Murphy's forced departure is a shame, though. We at Slampo's Place have been fans of Murphy going back to his college days in the previous century. And our respect only grew when about 15 years ago we witnessed Calvin, soaked with seat after running a clinic for kids at a local Y, slump down against the gym wall and, without catching his breath or toweling off, tear through a three-piece box of Popeye's someone had delivered. We (whoever we is) wouldn't have imagined it at the time, but it's possible that later on that very afternoon the inexhaustible Murphy rinsed the New Orleans-style herbs and spices from his mitts, charged right out to locate a date and set about fulfilling his biological destiny.

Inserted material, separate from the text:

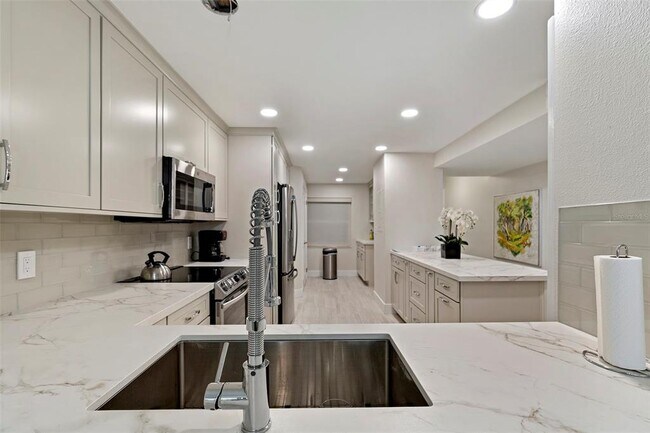 Building Photo - 6500 Sunset Way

What's really sorry is that Murphy, despite the tiresome banter with straight man Bill Worrell, was a decent commentator. He knows basketball, has a sharp eye for the flow of the game, and certainly is enthusiastic, if not downright insistent, about sharing his knowledge. He'll be replaced by Clyde Drexler, who doubtless will bring to the job all the fire and excitement he brought to his short stint as coach at the University of Houston, and Matt Bullard, the ex-Rocket who used to hang around behind the 3-point line and wave his right hand a lot. Of course, either will be an improvement on Van Chancellor, who, while filling-in for the on-hiatus Murphy last season, almost made us ashamed to be a cracker.